Derek Mahon: A Rage for Order


The following review was written in 2012 on the publication of Derek Mahon’s New Collected Poems. It was originally commissioned by Rory Waterman and published in New Walk Magazine. It is to be hoped that before too long his publisher, the excellent Gallery Press, will bring out an updated volume of all Mahon’s poetry.


Derek Mahon’s New Collected Poems reviewed by David Cooke in 2012

New Collected Poems Derek Mahon. The Gallery Press. 2011. Paperback. 592 pages.
ISBN: 978 1 85235 512 8

Derek Mahon first made his name as a poet in the late 1960s as part of that remarkable efflorescence of poetic activity which coincided with the start of the Troubles in Northern Ireland. The media spotlight that was an inevitable part of these tragic circumstances may well have brought the work of Mahon and his contemporaries to a wider audience. However, less welcome was the assumption that their work was somehow a product of these circumstances. Even more frustrating were expectations that the poets should be self consciously ‘responding’ to a political situation. Seamus Heaney famously entitled a poem ‘Whatever You Say Say Nothing’ in response to ‘an English journalist in search of ‘views / on the Irish thing.’’ Mahon, also, in his poem ‘The Last of the Fire Kings’ states bluntly: ‘I am / Through with history – / Who lives by the sword // Dies by the sword’. Nonetheless, however much his poem’s protagonist might wish to pursue his vision of ‘Perfecting my cold dream / Of a place out of time, / A palace of porcelain’, there is a hint also that such aestheticism is a form of evasion:

But the fire-loving
People, rightly perhaps,
Will not countenance this,

Demanding that I inhabit,
Like them, a world of
Sirens, bin-lids
And bricked-up windows –

In ‘Afterlives’, another poem from the 70s, Mahon describes his feelings on returning to Belfast after several years working in London. Evoking a world where ‘the orators yap, and the guns / Go off in a back street;’ he expresses his pious hope

That in our time these things
Will amaze the literate children
In their non-sectarian schools
And the dark places be
Ablaze with love and poetry
When the power of good prevails.

Again, however, the poem’s concluding lines suggest that turning one’s back on history is not as easy as it might seem: ‘Perhaps if I’d stayed behind / And lived it bomb by bomb / I might have grown up at last / And learnt what is meant by home.’

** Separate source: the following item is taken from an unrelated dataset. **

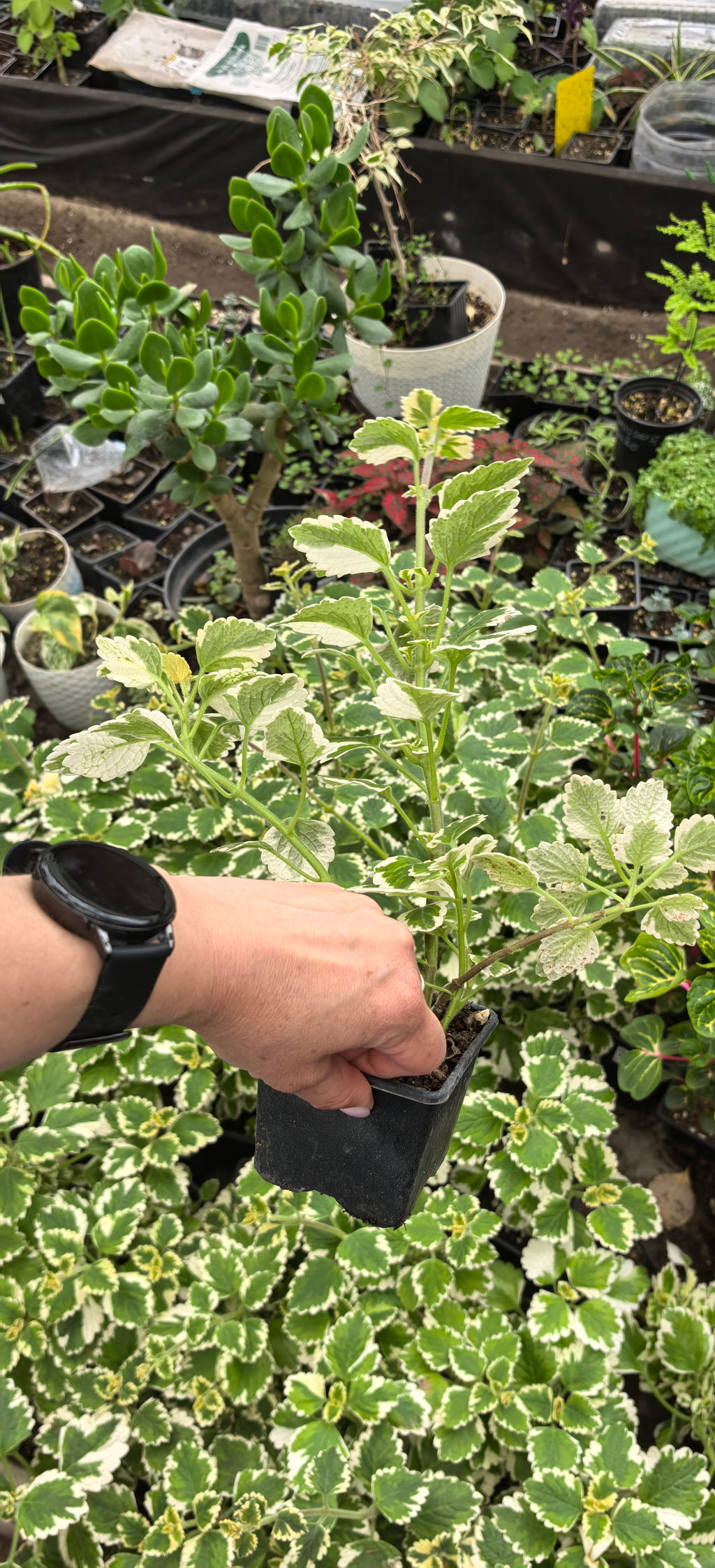 Плектрантус вариегата (сильный цитрусовый аромат) горшок D10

Mahon’s New Collected Poems, published a few months before his seventieth birthday, replaces his earlier Collected Poems published over a decade ago, adding to it most of the work from his recent volumes, Harbour Lights, Life on Earth, and Autumn Wind, alongside a small number of uncollected pieces, including ‘Monochrome’ a deeply affecting elegy for his wife, Doreen. As with all previous recensions of Mahon’s work The New Collected Poems is not merely a volume by volume assemblage of what has gone before. Looking back over Mahon’s work one senses that he does not view individual collections as definitive statements. They are seen rather as stages on a journey towards the creation of a single entity that might adequately encapsulate his vision. Yeats exhorted poets to ‘hammer’ their ‘thoughts into unity’. For Mahon any such unity is always provisional and involves him in a constant process of tinkering. In this regard he is like the hermit poet of ‘The Mayo Tao’: ‘I have been working for years / on a four-line poem / about the life of a leaf; / I think it might come out right this year’. Moreover, ‘The Mayo Tao’ itself is a piece which first appeared in Mahon’s 1975 collection The Snow Party as a prose poem. It was later redrafted for Poems 1962-1978 as a loose sequence of Black Mountainish stanzas. In Collected Poems it was reshaped again as three free verse paragraphs, the form it still retains.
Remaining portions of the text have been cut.